> DATA PROVIDED:
######

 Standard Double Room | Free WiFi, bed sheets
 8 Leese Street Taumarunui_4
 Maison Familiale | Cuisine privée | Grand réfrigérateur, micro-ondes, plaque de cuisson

######

> TASK TO CARRY OUT: Going line by line, copy the data above exactly.

> RESULT OF THIS TASK:
 Standard Double Room | Free WiFi, bed sheets
 8 Leese Street Taumarunui_4
 Maison Familiale | Cuisine privée | Grand réfrigérateur, micro-ondes, plaque de cuisson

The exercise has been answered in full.